* _PROMPT_
Every line of the data below must be output exactly, with images left out.

* _MATERIAL PROVIDED_

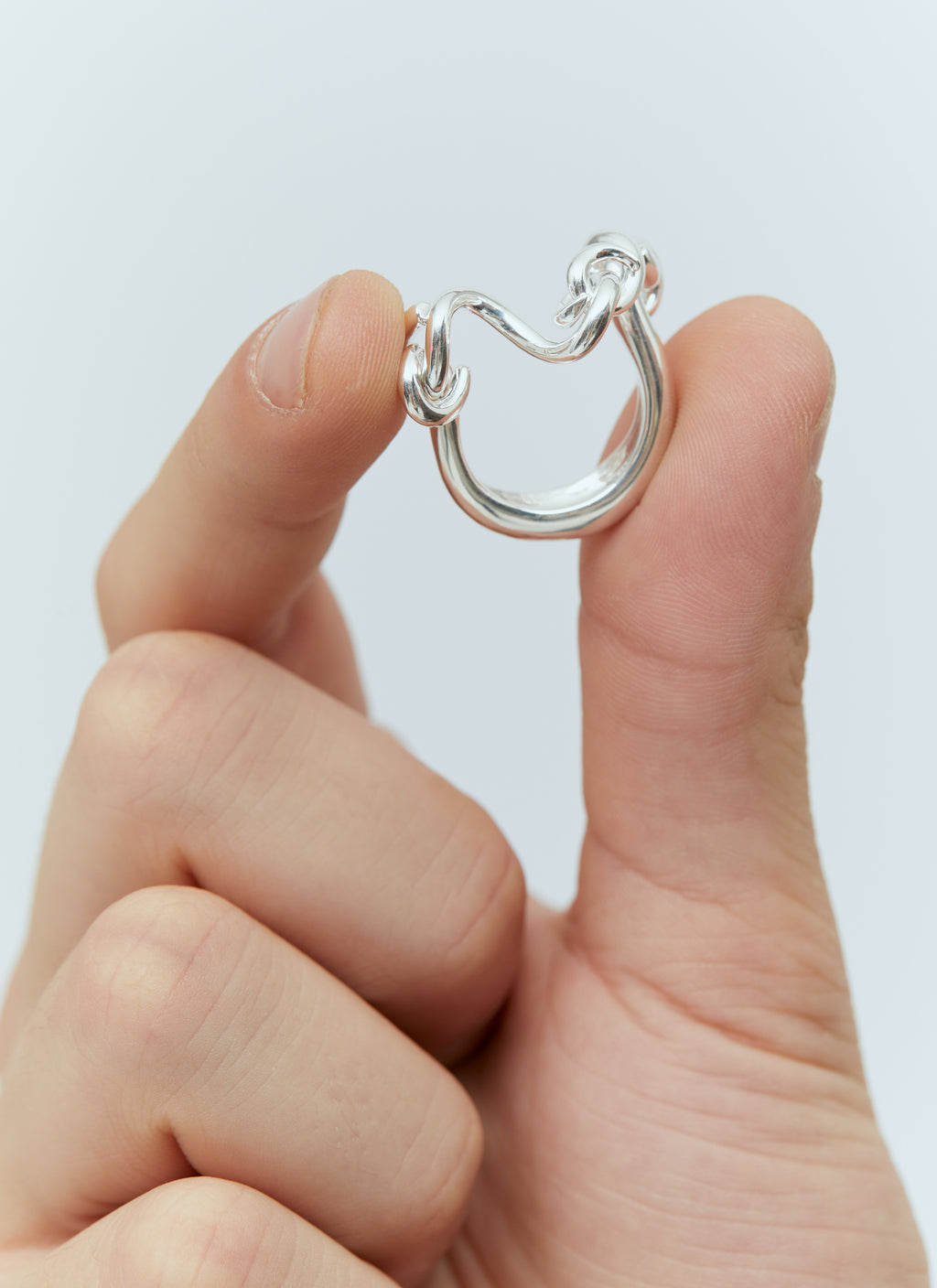 Worm Chain Ring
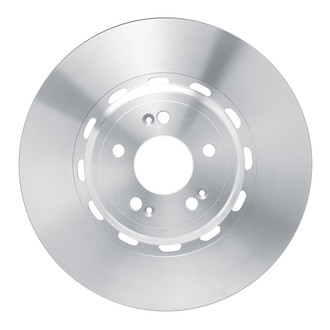 R1 Concepts® - eLINE™ Plain 1-Piece Front Brake Rotor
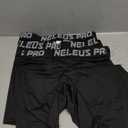 NELEUS Men's 3 Pack Performance Compression Shorts XL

* _TASK RESPONSE_
 Worm Chain Ring
 R1 Concepts® - eLINE™ Plain 1-Piece Front Brake Rotor
 NELEUS Men's 3 Pack Performance Compression Shorts XL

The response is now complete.